Dive 3: Pulpit Rock, max depth 24.4m, bottom time 26 minutes


Next morning we started with a deep dive. This was my first drift dive. I deployed the SMB on the surface and went down ok but messed up ascending the SMB line later on. The drift was along the bottom of a short wall. Not a great deal to see. Some fish here and there including a big stingray at one point. It's all very drab but sometimes the rocky topography was interesting. Enjoyed just drifting along and watching the scenery pass by.

Dive 4: Bally Bay, max depth 15.5m, bottom time 26 minutes

This was another drift dive but in a stronger current. It was a bit scary to watch the boat leave us drifting in the open sea. I deployed the SMB and we descended to the bottom. Got much better at using the SMB this dive and at the end, made a perfect ascent up the SMB line. Hoorah! Visibility was about 5m but the group still managed to lose each other. I made sure I could always see my buddy.

There wasnt' a great deal to see. The instructor and my dive master buddy collected scallops along the drift which we later had with lunch. I found drift diving very relaxing since there's nothing to do but float along. I had lots of air left by the end of the dive. The current got faster near the end of the dive and I was quite amazed later to discover just how much ground we covered.

On the surface, there was a bad chop and it was hard to get to the boat. At one point I was left bobbing around by myself being hit by waves while the boat had to circle around to make another attempt to recover me. Yep, diving does have its moments.

Happy to be back onboard!

Dive 5: The Dredger, max depth 10m, bottom time 31 minutes

The final dive was a shallow wreck dive to practice underwater navigation with a compass. Visibility was very poor but that was intentional since we had to rely on using the compass. I messed up navigating a square but did alright with the triangle. The Dredger is a very broken up wreck so not a lot to see.

What I've Learned

I've learned quite a bit this trip.

I was never cold during any of these dives. In a similiar exposure suit, I would happily dive in 15 degree water. So diving in the UK can be comfortable but I wasn't impressed with any of the dive sites. UK diving is mainly about wreck diving and that doesn't have a lot of appeal to me. I'd rather see more sea life. I hear the visibility around Cornwall is much better so I'm very open to making a future dive trip there. Need to remember to take a collecting bag so I can pick scallops along the way!

Good buoyancy control takes practice and you need to dive frequently to maintain the skill. Before going on a dive trip to another country, it would be worthwhile doing a local dive to refresh all these dive skills.

The Halcyon Wing was excellent and seems to be a much better choice than using a regular jacket-style BCD (buoyancy compensation device). It's a bit trickier to figure where all your gear needs to go but it's worth going this this route in order to be better balanced and streamlined.

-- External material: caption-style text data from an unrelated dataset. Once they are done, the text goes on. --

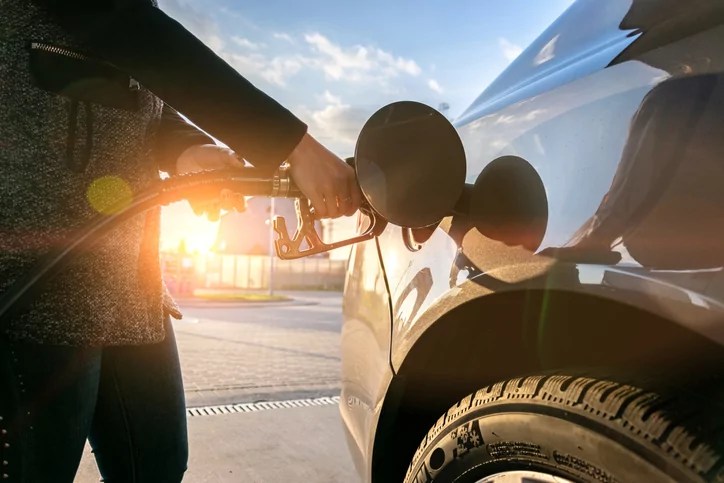 Refueling car. Pump gas at petrol fuel station. Gasoline oil nozzle tank from hand person. Automotive industry or transportation concept.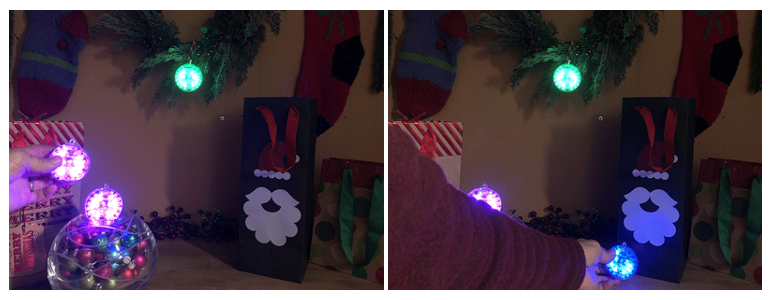 Left, table decorated with festive elements. One lit ornament is hanging on a garland, another is sitting in a bowl, and a third is being held in a hand. Right, same scene, except the hand has moved and the ornament is now a different color.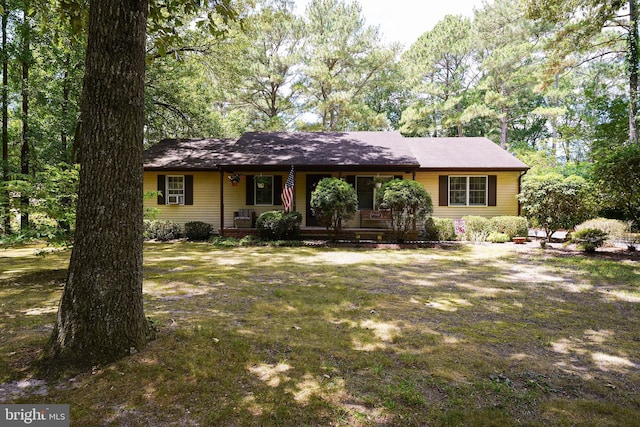 ranch-style home featuring a porch and a front yard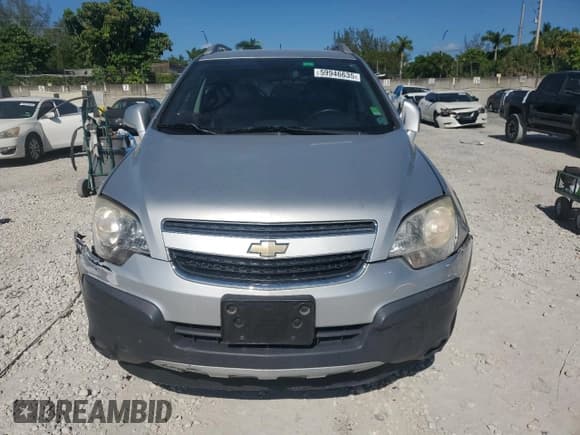 ✅ 2012 Chevrolet Captiva Sport LS • VIN: 3GNAL2EK7CS639997 • Lot: 59946635. Wystawiony na Copart z przebiegiem 124 770 mil. Bezpłatny archiwum sprzedaży aukcyjnych z USA i szczegółowy raport historii pojazdu na DreamBid. Zdjęcie 5.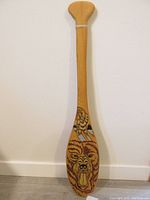 Full view of the paddle showing the wooden surface and hand painted bear head artwork on the blade.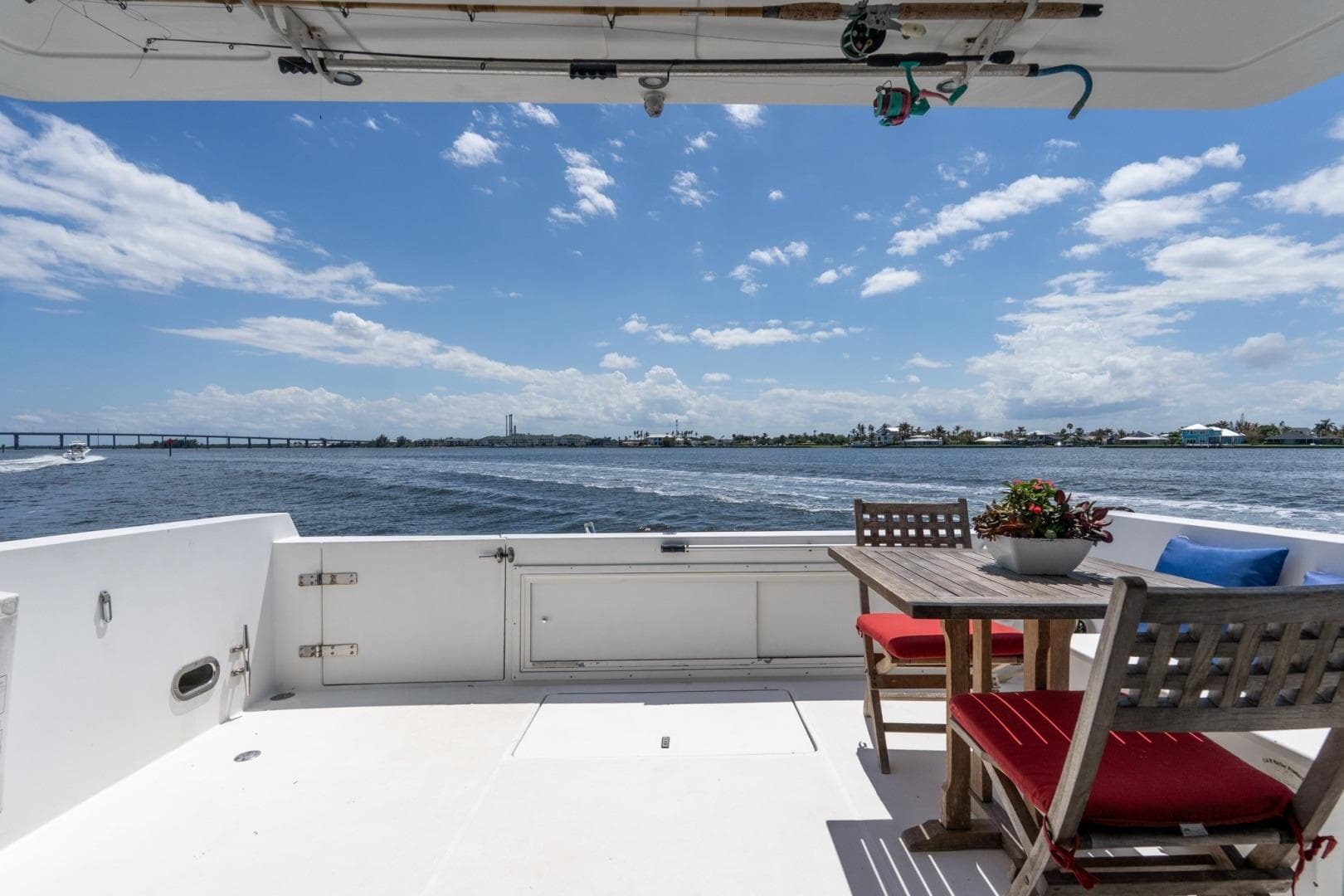 Deck view from 2003 Navigator 5700 yacht, featuring outdoor seating and ocean scenery.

As for other gear, the SMB takes practice but is well worth carrying. The Suunto Vyper dive computer was an excellent investment. I stopped carrying a snorkel because it got in the way but I should find another way to carry it since it could be vital in choppy water.

Happy Advanced Open Water DiversThe PADI Advanced Open Water Diver is an easy course. I certainly don't feel advanced. I know some more techniques but I'm still very much a beginner with only 19 dives under my belt. Practice counts for a lot in diving. I'm now qualified to dive to 30m but I'm inclined to stick to 20m or less.

I would happily recommend anyone to dive with Dive Dorset or go out with Jay Hogg, our instructor (kneeling in the picture).